'With help, there is light at the end of the tunnel' 

Louise Hudson has two children: Jamie and Alice. She developed postnatal depression around the time of Alice's birth.

"When I had Jamie, I had a really difficult birth, but despite this setback, I enjoyed the whole experience. I was so glad to be a mum and I loved every minute of it. 

"With Alice, it was different. She's the apple of my eye now and she was a lovely, beautiful baby. Although I recall the whole experience of her birth and her first years of life, I also have the feeling that I don't want to remember it. When I look back, it's like I was robbed of those early years.

"My illness started quite late in pregnancy. I was around 34 weeks pregnant and I started suffering from insomnia. I thought it was because the baby was pressing on my bladder and I had to keep going to the lavatory. But I also felt strange in myself; quite detached, like I was there but not involved in what was going on.
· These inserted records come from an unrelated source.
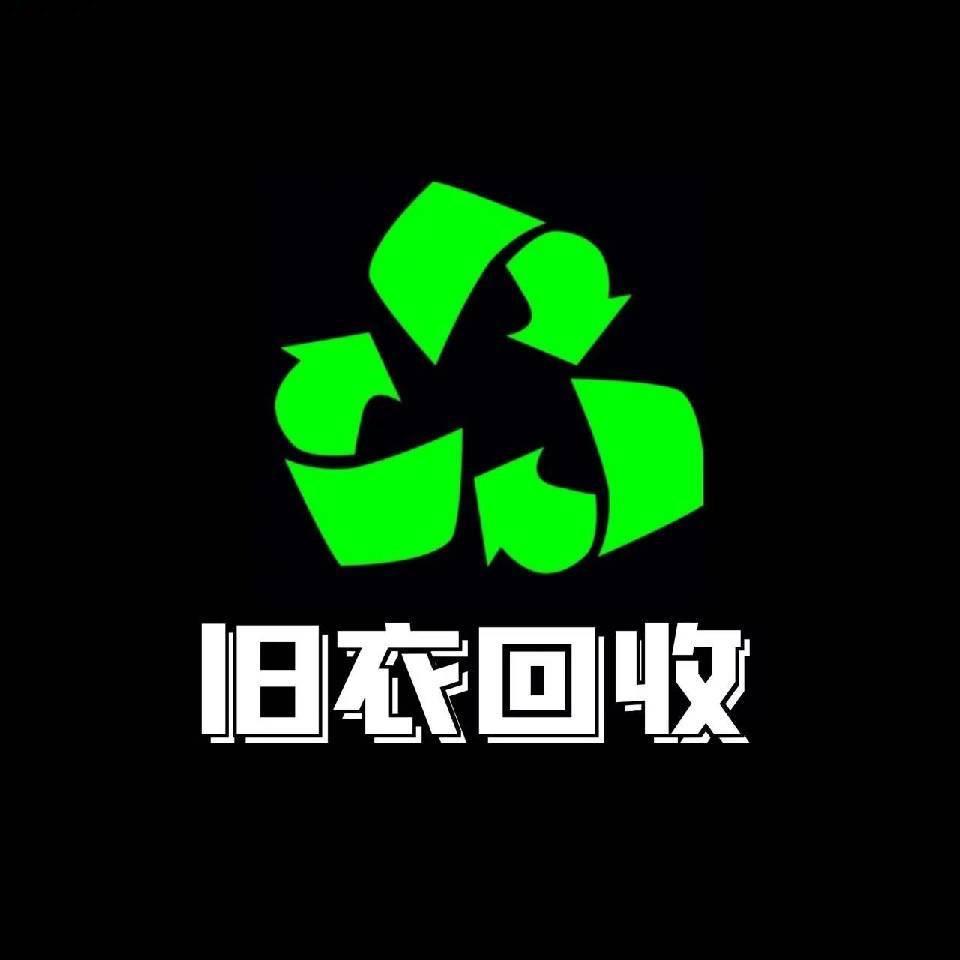 淮安锦荣旧衣回收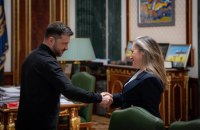 Христина Фріланд стала позаштатною радницею Зеленського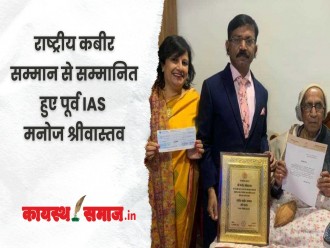 राष्ट्रीय कबीर सम्मान से सम्मानित हुए पूर्व IAS  मनोज श्रीवास्तव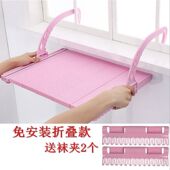 架 架窗台晾鞋 窗台晾衣架暖气片衣架挂式 可折叠晾晒架阳台伸缩晒鞋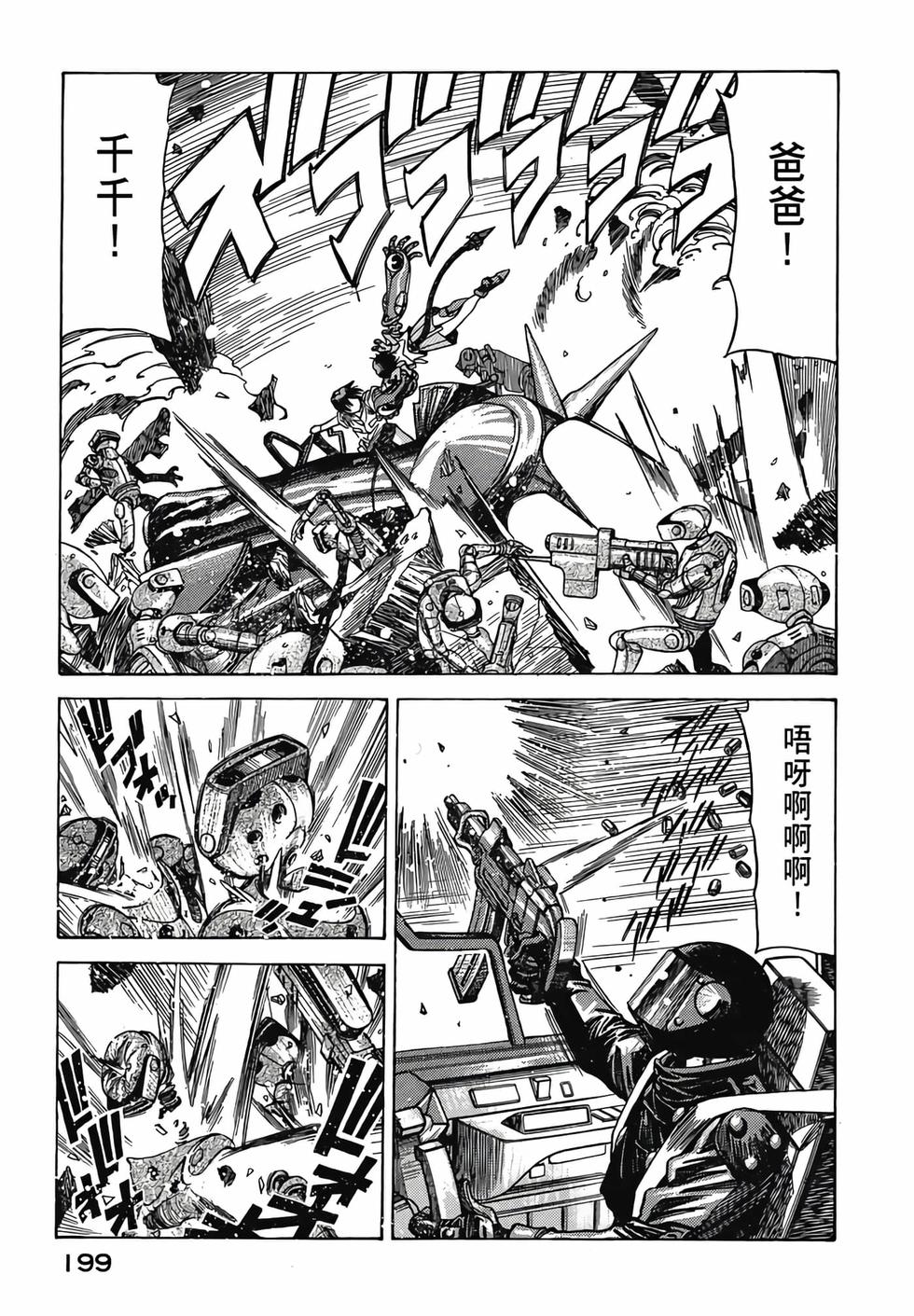 第197页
"My usual GP was away, so I saw a locum who didn't really understand. He gave me some temazepam and a page of top tips for getting a good night's sleep. It didn't help and even with temazepam, I couldn't get any sleep.

"My husband and my mother both knew there was something wrong. Mum said that I'd gone into myself, that it was like I wasn't there.

"But I didn't care. I just didn't want to live. It was like I was in a bubble and I could see everyone, but they couldn't see me. I knew something was desperately wrong with me, but I didn't know what.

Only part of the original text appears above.